For helping students in efficiently and strictly programming loops, we propose a graphical programming methodology relying on the Loop Invariant ((a program loop property verified at each iteration — i.e., at each evaluation of the Loop Condition). This methodology is applied in the context of our Introduction to Programming (i.e., CS1) course alternating between specific C programming language concepts and algorithmic aspects. In particular, the course aims at introducing to first year students basic principles of programming. The concept of a correct and efficient algorithm is highlighted, in the context of a strict programming methodology. Typically, an algorithm requires to write a sequence of instructions that must be repeated a certain number of times. This is usually known as a program loop. The methodology we teach for programming a loop is based on an informal version of the Loop Invariant introduced by Floyd and Hoare. Our methodology consists in determining a strategy (based on the LoopInvariant) to solve a problem prior to any code writing and, next, rely on the strategy to build the code, as initially proposed by Dijkstra.

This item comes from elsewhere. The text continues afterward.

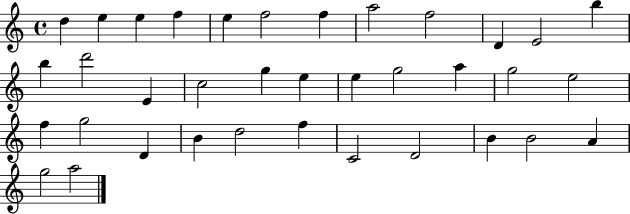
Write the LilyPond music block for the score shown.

As such, the Loop Invariant can be seen as the cornerstone of code writing. However, the issue is that it relies on an abstract reflection that might confuse students who may not have the desired abstract background, specially if the Loop Invariant is expressed as a logical assertion.

To ensure students follow a strict programming methodology despite their (potential) gaps, we propose a Graphical Loop Invariant (GLI — see the figure above illustrating the process of building a GLI for the problem of multiplying all integers in the range [a,b]). The GLI informally describes, at least, variables, constant(s), and data structures handled by the program; their properties; the relationships they may share, and that are preserved over all the iterations. The goal behind is to generalize what the program must have performed after each iteration. In addition to natural advantages of drawings, the GLI allows the programmer to visually deduce instructions before, during, and after the loop. That approach forges abstraction skills without relying on any mathematical background and lays the foundations for more formal methods where the GLI stands as an intermediate step towards a final formal Loop Invariant (being a logical assertion).

The course provides students with predefined drawing patterns (number line, numbers, terminal, array, etc.) and a set of rules (see rules 1 → 6 on the figure above) for systematically and formally build their GLI).

Our programming methodology is supported by the PCA activity and GLIDE, both running on top of CAFÉ 2.0, as illustrated above. To ensure an automatic correction of Programming Challenges on CAFÉ 2.0, students are exposed to an interactive blank GLI they have to complete based on existing proposals (green boxes below) or according to their variables/expressions needs (red boxes below). That drawing is then manipulated to build the code, in a sequence of steps managed by CAFÉ 2.0. GLIDE is used by students for practicing GLI.

Although thinking through drawing is more intuitive and requires less formalization, it also relies on diagrammatic reasoning, which involves abstraction and is therefore an important competence in STEM.